[Records to process Boundary: Start]

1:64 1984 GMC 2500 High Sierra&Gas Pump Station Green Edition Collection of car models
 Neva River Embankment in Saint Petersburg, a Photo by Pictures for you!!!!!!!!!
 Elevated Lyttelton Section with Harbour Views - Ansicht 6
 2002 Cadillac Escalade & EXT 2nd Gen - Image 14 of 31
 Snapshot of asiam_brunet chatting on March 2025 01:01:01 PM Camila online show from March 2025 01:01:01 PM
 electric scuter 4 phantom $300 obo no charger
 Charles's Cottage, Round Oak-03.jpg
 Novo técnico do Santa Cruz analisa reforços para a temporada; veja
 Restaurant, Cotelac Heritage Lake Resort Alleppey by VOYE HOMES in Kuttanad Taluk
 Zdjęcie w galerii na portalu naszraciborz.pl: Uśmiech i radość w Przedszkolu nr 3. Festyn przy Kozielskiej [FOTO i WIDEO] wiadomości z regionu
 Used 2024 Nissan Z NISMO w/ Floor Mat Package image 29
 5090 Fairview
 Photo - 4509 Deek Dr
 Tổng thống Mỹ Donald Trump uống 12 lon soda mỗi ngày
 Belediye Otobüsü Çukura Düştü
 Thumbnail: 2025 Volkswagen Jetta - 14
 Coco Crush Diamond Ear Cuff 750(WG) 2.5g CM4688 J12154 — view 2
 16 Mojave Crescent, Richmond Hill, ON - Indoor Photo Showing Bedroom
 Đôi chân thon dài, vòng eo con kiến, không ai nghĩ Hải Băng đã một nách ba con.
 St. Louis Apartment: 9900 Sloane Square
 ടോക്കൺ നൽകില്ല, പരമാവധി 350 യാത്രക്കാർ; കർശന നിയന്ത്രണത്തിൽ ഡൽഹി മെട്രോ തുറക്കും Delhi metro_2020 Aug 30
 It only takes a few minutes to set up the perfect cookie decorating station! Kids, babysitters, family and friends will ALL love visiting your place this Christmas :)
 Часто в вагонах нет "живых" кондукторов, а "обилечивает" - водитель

[Records to process Boundary: End]

What to work on: Nothing should appear in the answer except the lines from the one containing "Used 2024 Nissan" to the end of the data above, reproduced exactly.

Answer space:
 Used 2024 Nissan Z NISMO w/ Floor Mat Package image 29
 5090 Fairview
 Photo - 4509 Deek Dr
 Tổng thống Mỹ Donald Trump uống 12 lon soda mỗi ngày
 Belediye Otobüsü Çukura Düştü
 Thumbnail: 2025 Volkswagen Jetta - 14
 Coco Crush Diamond Ear Cuff 750(WG) 2.5g CM4688 J12154 — view 2
 16 Mojave Crescent, Richmond Hill, ON - Indoor Photo Showing Bedroom
 Đôi chân thon dài, vòng eo con kiến, không ai nghĩ Hải Băng đã một nách ba con.
 St. Louis Apartment: 9900 Sloane Square
 ടോക്കൺ നൽകില്ല, പരമാവധി 350 യാത്രക്കാർ; കർശന നിയന്ത്രണത്തിൽ ഡൽഹി മെട്രോ തുറക്കും Delhi metro_2020 Aug 30
 It only takes a few minutes to set up the perfect cookie decorating station! Kids, babysitters, family and friends will ALL love visiting your place this Christmas :)
 Часто в вагонах нет "живых" кондукторов, а "обилечивает" - водитель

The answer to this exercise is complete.